# WHAT YOU ARE ASKED TO DO
Among the records that follow, find the line with "Florida Family Sets" and the line with "110pcs Water Bottle". Set down those lines and all lines between them exactly, without adding anything.

# RECORDS PROVIDED

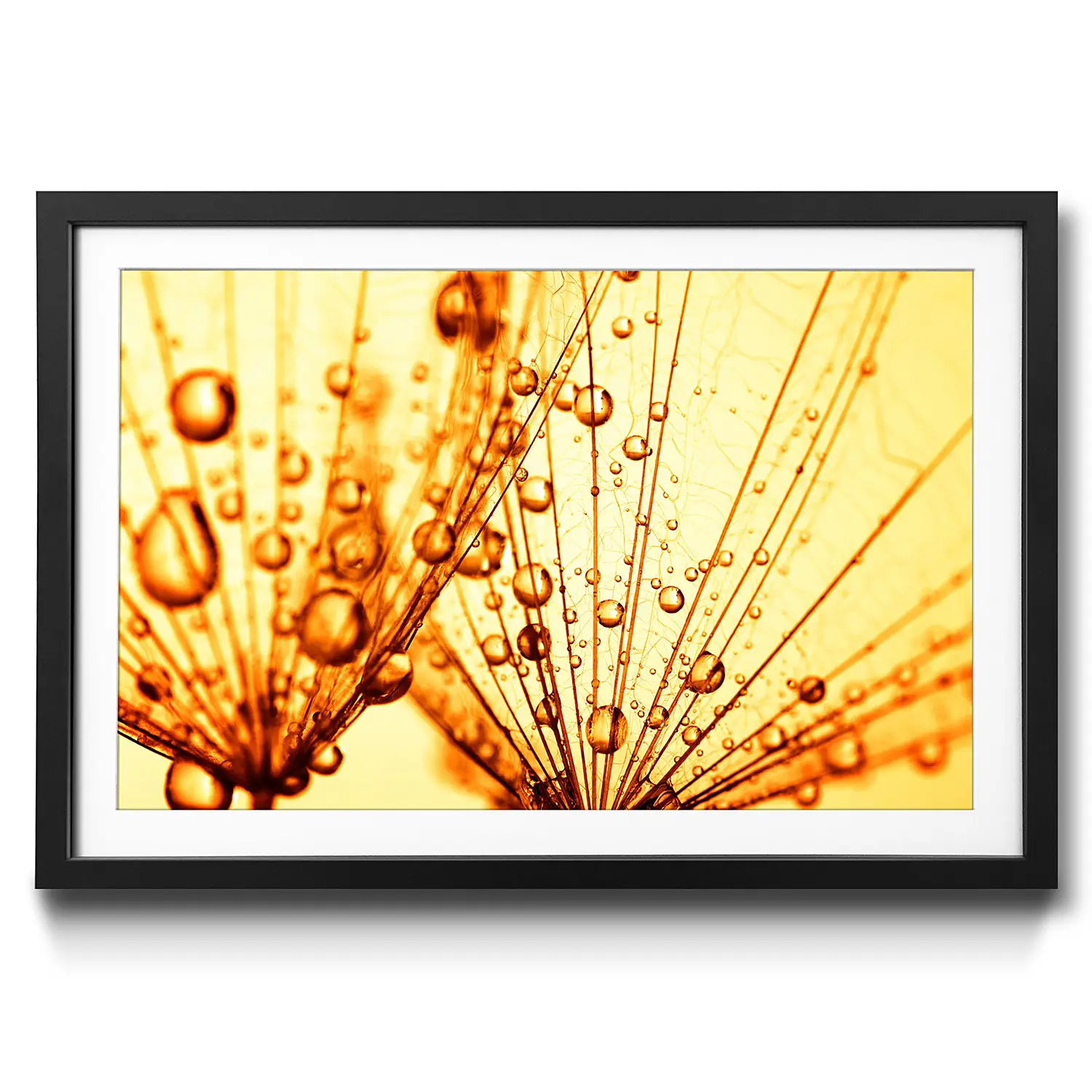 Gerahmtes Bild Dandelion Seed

--

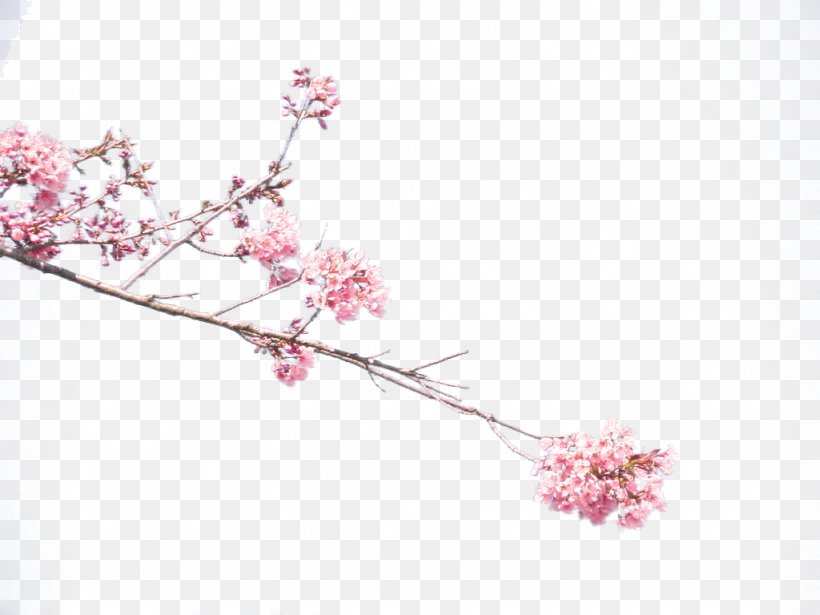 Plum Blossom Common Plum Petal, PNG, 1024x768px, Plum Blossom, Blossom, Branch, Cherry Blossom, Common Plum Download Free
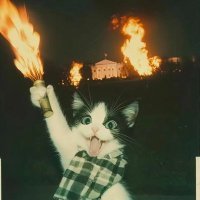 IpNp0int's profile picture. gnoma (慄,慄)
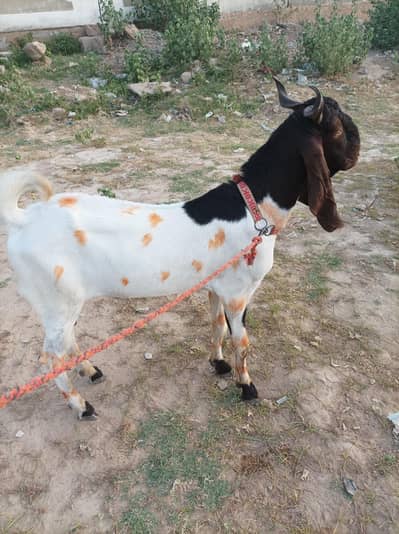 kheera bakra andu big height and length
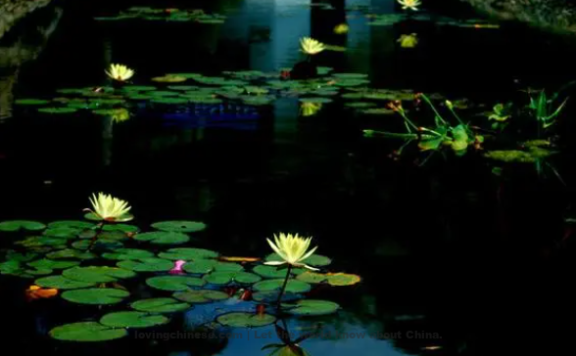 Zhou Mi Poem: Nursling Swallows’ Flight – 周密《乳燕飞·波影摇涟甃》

...

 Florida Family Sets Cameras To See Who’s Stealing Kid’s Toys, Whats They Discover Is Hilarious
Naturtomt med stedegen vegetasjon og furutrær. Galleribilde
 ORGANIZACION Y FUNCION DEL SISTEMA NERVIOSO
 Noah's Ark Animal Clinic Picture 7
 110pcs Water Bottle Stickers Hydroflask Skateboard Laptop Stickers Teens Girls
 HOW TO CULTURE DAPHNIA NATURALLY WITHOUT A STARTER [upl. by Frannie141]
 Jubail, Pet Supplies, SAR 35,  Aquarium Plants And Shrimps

# ANSWER AREA
 Florida Family Sets Cameras To See Who’s Stealing Kid’s Toys, Whats They Discover Is Hilarious
Naturtomt med stedegen vegetasjon og furutrær. Galleribilde
 ORGANIZACION Y FUNCION DEL SISTEMA NERVIOSO
 Noah's Ark Animal Clinic Picture 7
 110pcs Water Bottle Stickers Hydroflask Skateboard Laptop Stickers Teens Girls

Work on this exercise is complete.